# FEature rocks



## ktgrok (May 25, 2019)

I've used Lawnstar Chelated Iron twice, with minimal results. In fact, both times the grass looked worse after using it, with dark tips. That was using it at the higher rate the first time and low rate the second time.

Last night I applied FEature 6-0-0 at the 1oz per thousand rate, and WOW. I also applied 0.1 lbs of ammonium sulfate per thousand, but I've done that before without this dark green color. And it was definitely MUCH greener - MUCH. I'm sold.


----------



## Richkm20 (Mar 13, 2019)

I like my results as well but I've noticed some remains in the bottom of the bucket I mix it up in.

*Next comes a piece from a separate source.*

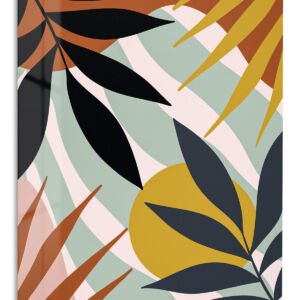 Golden Sun Botanical Shapes metal wall art print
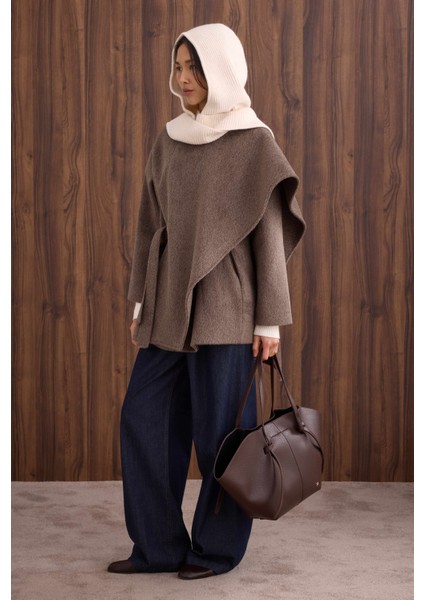 Kuşaklı Şal Yaka Kaban Kahve modelleri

Do you have this issue as well or am I doing something wrong?


----------



## TN Hawkeye (May 7, 2018)

Richkm20 said:


> I like my results as well but I've noticed some remains in the bottom of the bucket I mix it up in. Do you have this issue as well or am I doing something wrong?


I have had the same issue. Doesn't seem to matter if I mix it for 1 minute or 3 minute on high speed or low speed. I usually add a little more water and then mix it again. Then I dump it in the sprayer. I haven't noticed any issues with my sprayer.


----------



## Richkm20 (Mar 13, 2019)

Yeah its a small payoff for dark green grass and stain free concrete


----------



## g-man (Jun 15, 2017)

I throw the little bit in the trees/mulch area.


----------



## ktgrok (May 25, 2019)

Same issue. I added some more hot water and that seemed to get most of it.


----------



## SNOWBOB11 (Aug 31, 2017)

Feature really is a quality product. It's much more consistent in darkening of the grass than the FAS I was using last year. I've mixed with small amounts of urea for a light foliar feeding, copying what pete1313 does and the results have been great.


----------



## ktgrok (May 25, 2019)

It definitely darkened the lawn several shades, making it the greenest on the block by far. And without staining? Heck yeah! (I never did get very good at coloring within the lines, lol)


----------



## jvilla (Mar 30, 2019)

you guys are only doing 1 oz per K sq ft? i am doing 2 oz.....too much?


----------



## daniel3507 (Jul 31, 2018)

@ktgrok are you saying you saw a difference the day after spraying it? Thats impressive. I recently purchased a bag and am excited to try it out.


----------



## SNOWBOB11 (Aug 31, 2017)

jvilla said:


> you guys are only doing 1 oz per K sq ft? i am doing 2 oz.....too much?


The bag calls for 1-2 oz per 1000. I have been doing around 1.5 oz. Nothing wrong with 2 oz unless you see the grass get a blackish look to it. Then you should back off.


----------



## TN Hawkeye (May 7, 2018)

jvilla said:


> you guys are only doing 1 oz per K sq ft? i am doing 2 oz.....too much?


I did closer to 2.5oz per 1000 on common Bermuda and didn't see any blackening.


----------



## jingobah (May 6, 2019)

I wanted to try FEature this summer but couldn't find it anywhere, it was sold out....but I see it's available on Amazon again.

So when would this be put down? A few times in the Summer for a green-up? Fall too maybe?

Does the dark green color last awhile?

Thanks!


----------



## jvilla (Mar 30, 2019)

i put it down every 3 weeks at 2 oz per/K because thats when i started noticing the darker green color go away.


----------



## g-man (Jun 15, 2017)

^ +1

Cheaper if you buy it at epest.


----------



## jingobah (May 6, 2019)

@g-man awesome, thanks for the link!


----------